Politisasi Barat tentang Isu HAM di Xinjiang dan Penanggulangan Terorisme di Indonesia

Rabu, 12 Oktober 2022 - 15:33 WIB
loading...
Politisasi Barat tentang Isu HAM di Xinjiang dan Penanggulangan Terorisme di Indonesia
Harryanto Aryodiguno. Foto/Istimewa
A A A
Harryanto Aryodiguno, Ph.D
Dosen jurusan Hubungan Internasional President University, Jababeka-Cikarang.
Wasekjen VI Bidang Perindustrian dan Perdagangan DPP Partai Perindo

PADA 31 Agustus 2022 PBB melalui Office of the United Nations High Commissioner for Human Rights (OHCHR ) merilis pernyataan-pernyataan yang sebetulnya merupakan siklus usang yang terus-menerus diembuskan untuk melakukan aksi provokasi melalui media, khususnya ditujukan kepada negara-negara muslim di dunia.

Kemudian, pada tanggal 6 Oktober 2022 UN Human Rights Council melakukan voting yang diikuti oleh 47 anggota menunjukkan bahwa hanya 17 negara yang setuju untuk melakukan penyelidikan lebih lanjut terkait dengan dugaan pelanggaran HAM di Xinjiang . Kebanyakan negara-negara yang setuju tersebut merupakan sekutu atau yang lebih dikenal dengan ‘friends of the West’. 19 negara lainnya termasuk Indonesia yang merupakan negara dengan mayoritas populasi muslim dunia memilih untuk tidak pro Barat dalam hal ini.

Sikap yang diambil oleh Indonesia ini lebih mempertimbangkan kenyataan yang terjadi di Xinjiang denan narasi-narasi yang berkembang di Barat, terutama yang terkait dengan genosida dan pelanggaran HAM di Xinjiang. Pelanggaran HAM di Xinjiang memang ada, tetapi tidak sampai dengan tahap genosida seperti yang digambarkan oleh dunia dan media Barat. Selain itu, 11 negara lainnya termasuk India dan Malaysia ternyata lebih memilih untuk abstain dalam voting ini.



Hal ini menunjukkan bahwa ketika suatu isu terus-menerus diembuskan dan diulangi, kemudian juga tidak ada langkah nyata atau bantuan apa pun dari negara-negara Barat untuk menyelesaikan permasalahan Xinjiang, publik lebih memilih untuk yakin bahwa isu Xinjiang sebenarnya isu yang sengaja dibuat-buat untuk menjatuhkan China dengan dalih HAM.
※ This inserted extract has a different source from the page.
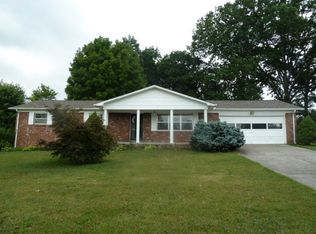 7329 Palmyra Dr, Knoxville, TN 37918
Negara-negara yang abstain dalam hal ini juga cenderung memiliki posisi untuk bersuara. Namun, mereka tidak melihat adanya dugaan pelanggaran HAM di Xinjiang. Tetapi di sisi lain, karena kebanyakan negara yang abstain itu juga memiliki hubungan ekonomi, bisnis, ataupun politik yang sangat dekat dengan Barat, maka mereka memilih aman dengan cara abstain.

Indonesia sendiri merupakan salah satu negara yang cukup direpotkan oleh isu-isu keamanan dan kestabilan politik dalam negeri. Banyak isu-isu keamanan yang ditengarai merupakan sel-sel separatisme yang juga kuat dugaannya didukung oleh negara-negara Barat maupun Australia. Dengan geostrategi Indonesia yang sangat baik, niscaya banyak negara-negara tetangga Indonesia yang tidak menginginkan Indonesia memiliki kestabilan keamanan dan politik. Hal tersebut tentu akan membuat Indonesia menjadi negara yang stabil dan maju, sehingga menjadi rival yang akan merepotkan para negara tetangga tadi.
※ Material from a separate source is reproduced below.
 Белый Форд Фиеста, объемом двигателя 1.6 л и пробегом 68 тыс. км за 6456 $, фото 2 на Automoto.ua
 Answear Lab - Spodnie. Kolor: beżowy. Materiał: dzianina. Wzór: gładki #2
Keamanan dan kestabilan politik di Indonesia sangat stabil menjelang tahun-tahun politik. Namun, gerakan-gerakan separatisme masih ada di Indonesia. Salah satu kelompok separatis yang masih eksis dan sering memicu konflik adalah Organisasi Papua Merdeka (OPM). Namun, OPM ini sarat akan kepentingan politik internasional. Mereka terus-menerus mencari dan mendapatkan dukungan dari negara-negara Asia Pasifik seperti Australia, New Zealand, Papua Nugini, Vanuatu, Kepulauan Solomon, dan tentu Amerika Serikat.
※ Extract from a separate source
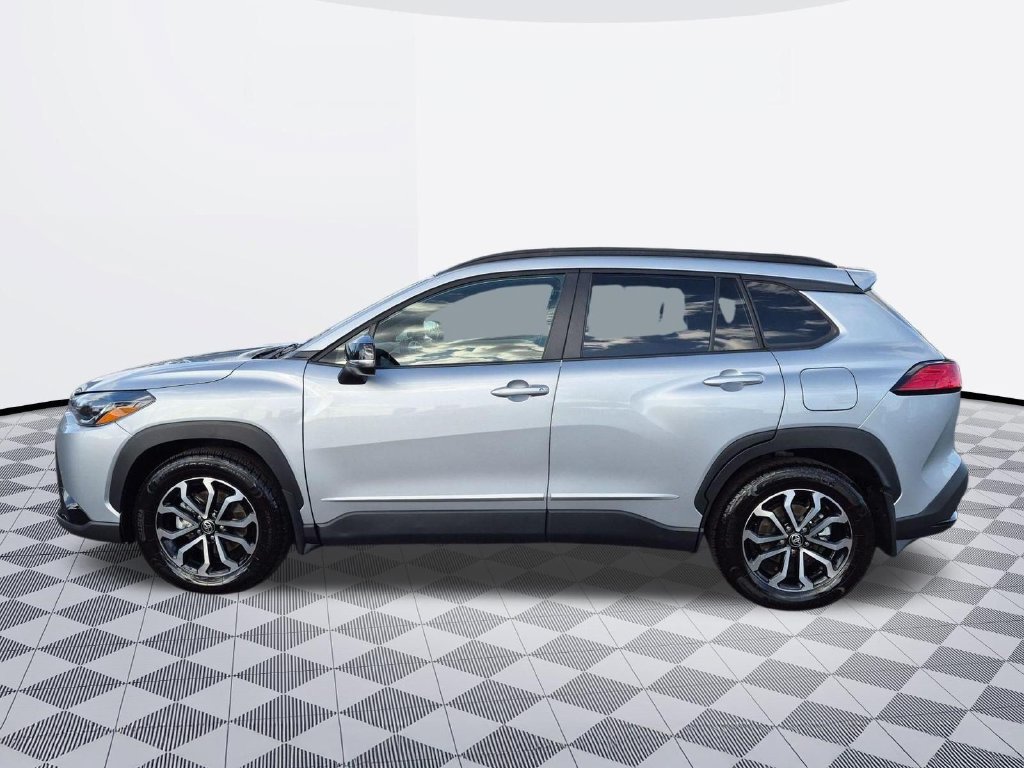 Used 2025 Toyota Corolla Cross AWD Hybrid image 3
Amerika memiliki kepentingan besar di Papua dengan perusahaan Freeport-McMoran-nya. Perusahaan Freeport telah menambang lebih dari 7,1 miliar ton emas dari bumi Papua dan kebanyakan keuntungannya mengalir ke Amerika Serikat. Hal ini diakibatkan oleh kontrak karya yang diteken oleh pemerintah pada tahun 1967, yang pada saat itu perjanjiannya melemahkan posisi Indonesia.
Halaman :
Baca Berita Terkait Lainnya
Copyright © 2024 SINDOnews.com
All Rights Reserved
read/ rendering in 0.1496 seconds (0.1#10.140)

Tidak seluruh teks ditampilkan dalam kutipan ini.